A la probabilidad de que estos ocurran, se suman condiciones meteorológicas propicias de calor y vientos, que no ayudan a un combate efectivo. Si se suma a que nunca se ha puesto atención a que los cambios globales han hecho que estos aumenten, menos aun se ha hecho algo en invertir en herramientas de prevención más allá de campañas de buenas conductas para la detección temprana. Tampoco se ha invertido, como en Australia, en el adiestramiento de personal idóneo para su control, o en elementos tecnológicos efectivos que permitan combatirlos. Si finalmente se suma que, a vista y paciencia de la autoridades, las poblaciones se han asentado aledañas a los “hot spots” o “puntos calientes”, donde todos los factores permiten asumir que son un foco de riesgo, y la aparición de vertederos clandestinos, material que puede ser altamente inflamable, se puede interpretar como una negligencia que no ha hecho más que generar las condiciones precisas para que un evento se vuelva incontrolable.

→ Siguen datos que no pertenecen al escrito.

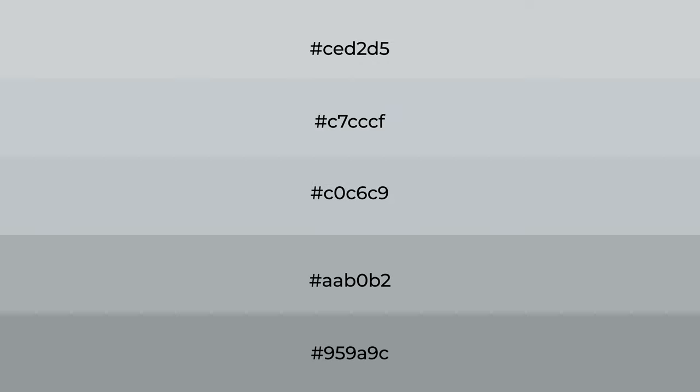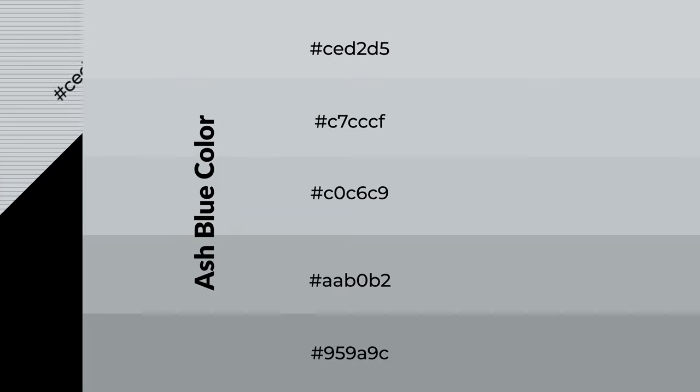To generate shades of a color, we add black to the color, and it is used in patterns, 3D effects.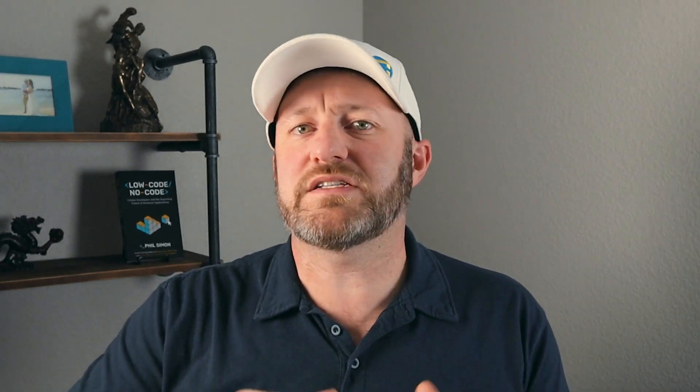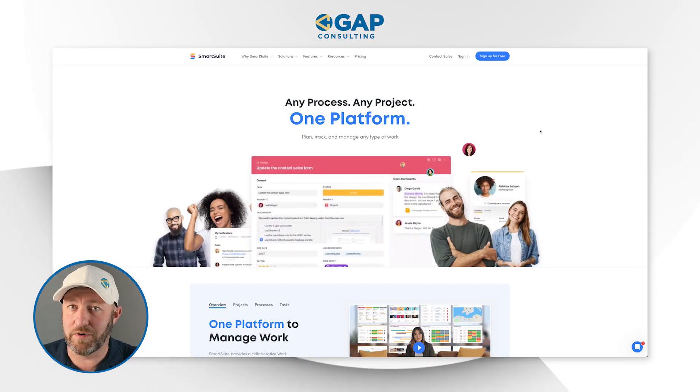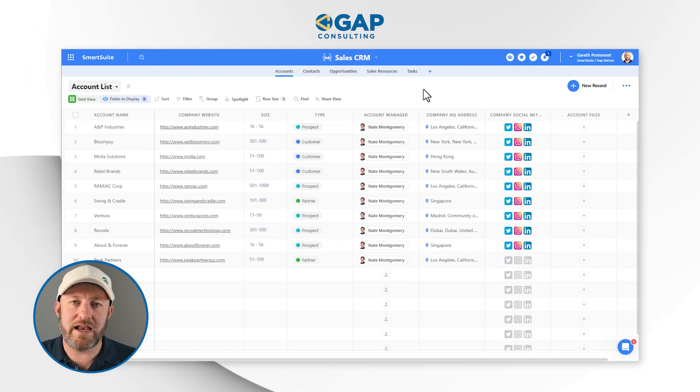Welcome back to the channel. If you're new here, my name is Gareth. I'm the owner here at Gap Consulting, and we make it our mission to help you get organized and automated with no-code tools. Our links will be below in the description. Before we get into the heart of things, I want to invite you to follow along with me inside of SmartSuite. If you don't already have a SmartSuite account, strongly recommend using our link below — it's a great way to show some love to the channel, and you'll be eligible for exclusive SmartSuite swag if you upgrade to a paid plan.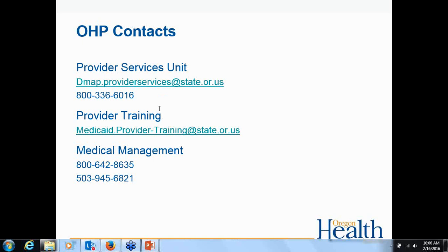Q&A: The best way to get third-party information out of the system — third-party liability information should be on the eligibility file for the member. If OHP knows about third-party liability, it is listed on their eligibility file. Questions can also be emailed to the email address provided rather than calling in.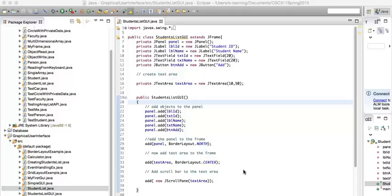Hello again students. This is a continuation of the GUI program. In the last video we created all the elements — the panel, the text area, and the scroll pane. In this video we're going to create the menu items.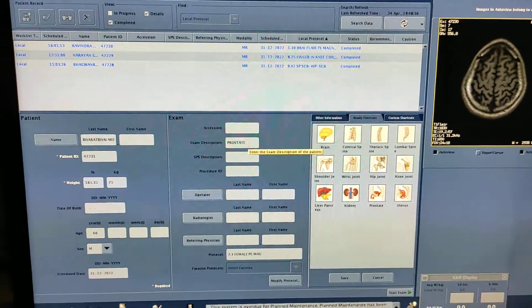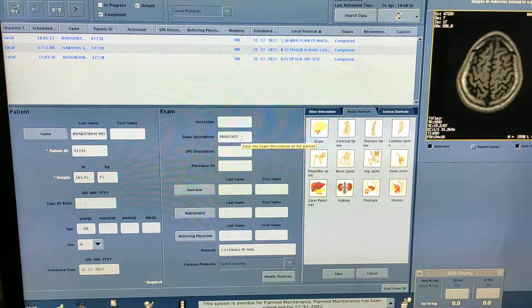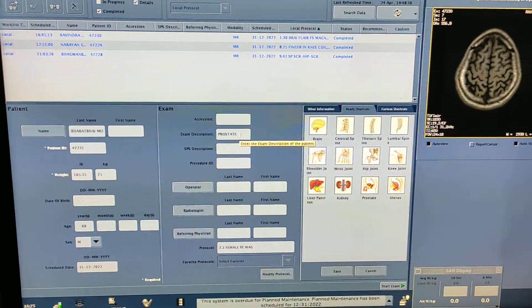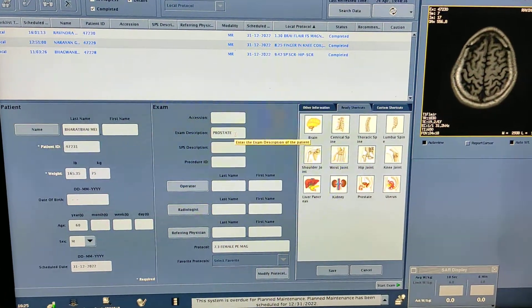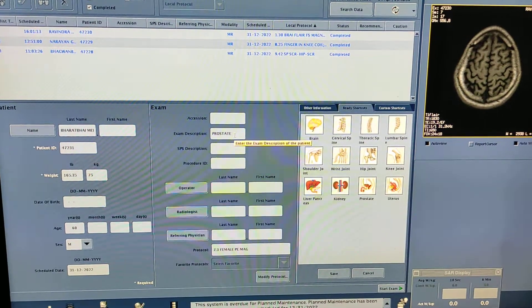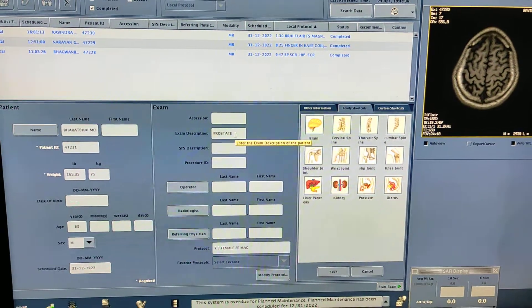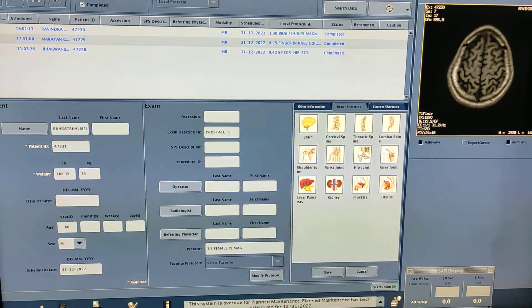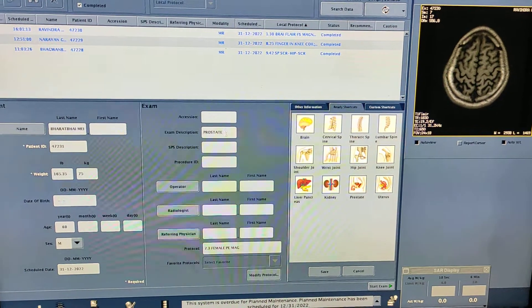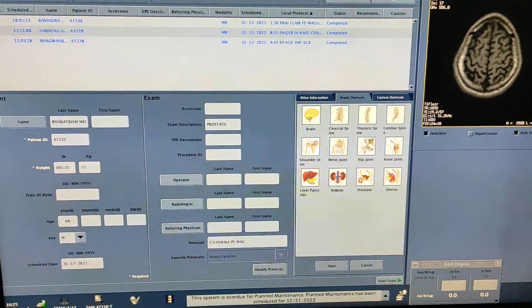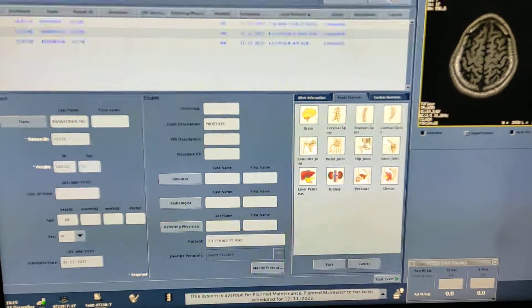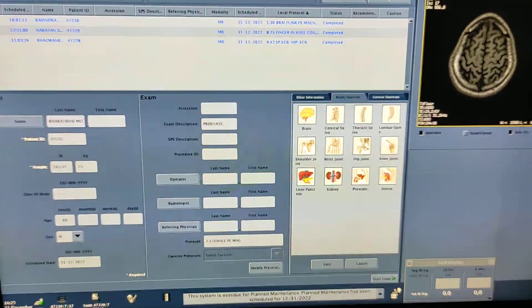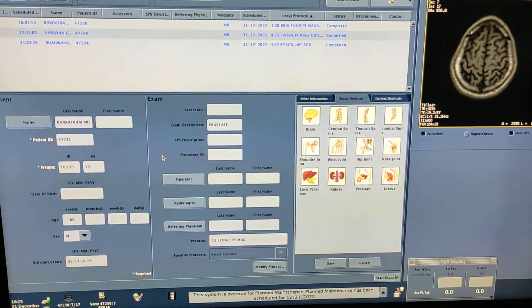Hello friends, welcome to my channel. Today I'm going to show you how to do MRI prostate with contrast on a GE 1.5 Tesla system, Brevo MR3 double five. Patient position is feet first.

Finalmente, tampoco existe una planificación central que permita recuperar las áreas devastadas producto de tales incendios, o que permitan precisamente hacer frente a eventos futuros o en su defecto recuperar parte del patrimonio ambiental perdido. Por lo tanto, no estamos más que siendo observadores de eventos que por su naturaleza, y el contexto imperante, no hacen nada más que esperar que sean de breve duración o en su defecto, que la población pueda reaccionar arrancando, ya que desde el poder central poco o nada se está haciendo.